Ryan Noda added an RBI single in the fifth for the big league-worst A’s, finally riding some momentum after a weekend sweep in Milwaukee. James Kaprielian (2-6) pitched six solid innings, allowing three runs and five hits to win his second consecutive start.
“I think this team’s starting to come closer together,” Kaprielian said. “When you pull kind of a bunch of new guys together it’s really difficult because guys don’t know each other. On paper in my eyes we have a lot of talent in this room, but it takes time to win sometimes. We’ve got a little hot streak now and we’ve beat some first-place teams. I think when you’re hot it’s exciting to go duke up against the guys who are good and guys who are winning games. You want to beat the best at all times.”
A’s rookie Ken Waldichuk worked out of a jam in the seventh when he struck out Randy Arozarena to strand runners at the corners. Waldichuk earned a three-inning save, the first of his career.
Jose Siri hit a three-run shot in the sixth for Tampa Bay’s 113th homer of the year to match the idle Dodgers for most in the majors.
Oakland (18-50) loaded the bases with none out in the fifth against Zach Eflin (8-2) with two straight walks and Jace Peterson’s single. One out later, Langeliers delivered.
Eflin had won four straight decisions since a loss May 9 at Baltimore. The right-hander failed to last five innings for the first time in 13 starts.
Rays third baseman Isaac Paredes was ejected by plate umpire Manny Gonzalez in the sixth, apparently upset about a called strike.
“It just looked like he was frustrated by the pitch.

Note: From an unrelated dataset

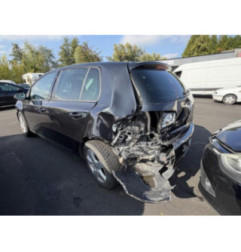 Compresseur clim VOLKSWAGEN GOLF 6 Photo n°20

Look, all of our guys work so hard,” Rays manager Kevin Cash said. “We try to put pressure on them to make sure that they stay in the zone, but one of those close pitches, he didn’t like it and I guess he expressed that.”
Tampa Bay (48-21), which began its first West Coast trip of the year, had won eight of nine overall.
Oakland got swept at Tampa Bay from April 5-7, getting outscored 31-5 with a pair of 11-0 defeats that Kotsay called embarrassing.
“This team, Tampa, is the best team in baseball. We played them early and for a lack of a better word I think we were somewhat embarrassed,” Kotsay said before the game. “But we played really bad baseball, we failed at every aspect really at Tampa, pitching and defense, situational hitting.”
Kaprielian and Waldichuk shined this time. And it’s suddenly pretty fun around Oakland, with fans planning a reverse boycott to draw as many as possible Tuesday night.
The A’s hope to keep the winning going.
“That’s what it’s about,” Kaprielian said, smiling.